*** Opening THE DATA ***

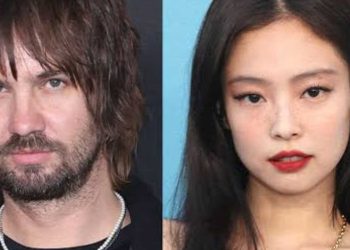 Kỷ nguyên âm thanh mới: Jennie của BlackPink và Tame Impala hợp sức cho bản phối lại “Dracula”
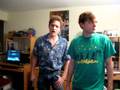 videos de Re: The Riddle - The Scarlet Pimpernel - sing with me!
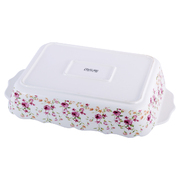 ����� ��� �������� 35,5�23,5�6,5�� KM-6110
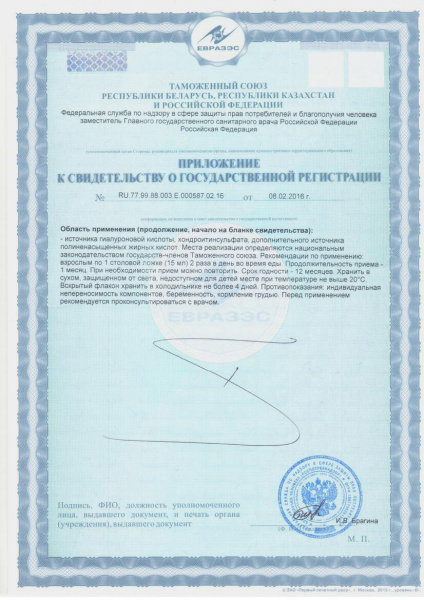 БАД Гастрофилин Evasion, 100, мл
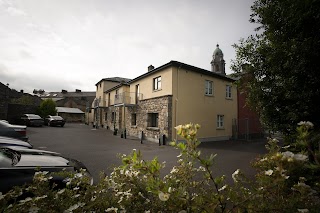 Cathedral View Apartments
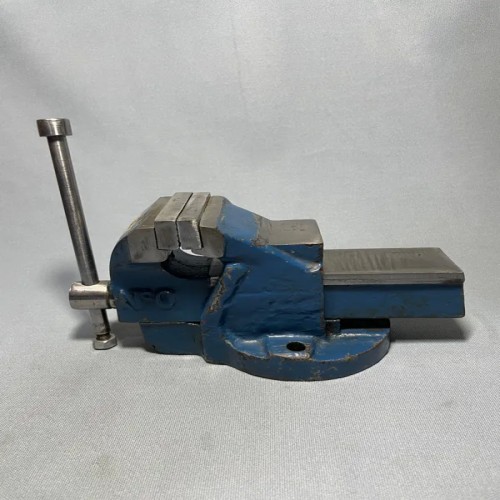 فروش گیره رو میزی فرانسوی با کیفیت عالی و قیمت مناسب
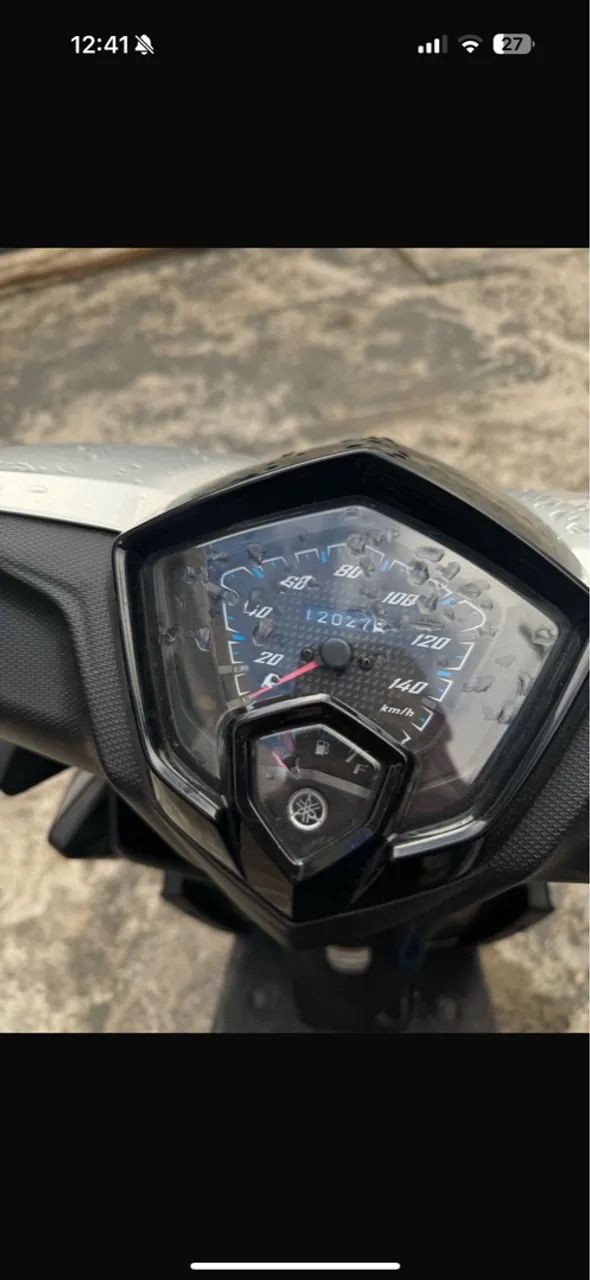Yamaha NEO 2022  - Foto 4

*** Closing THE DATA ***

=== TASK REQUIREMENTS ===
Reproduce exactly the lines from the beginning of the material down to the line containing "Cathedral View Apartments", both ends included, but not the pictures or anything after.

=== SOLUTION TO THIS EXERCISE ===
 Kỷ nguyên âm thanh mới: Jennie của BlackPink và Tame Impala hợp sức cho bản phối lại “Dracula”
 videos de Re: The Riddle - The Scarlet Pimpernel - sing with me!
 ����� ��� �������� 35,5�23,5�6,5�� KM-6110
 БАД Гастрофилин Evasion, 100, мл
 Cathedral View Apartments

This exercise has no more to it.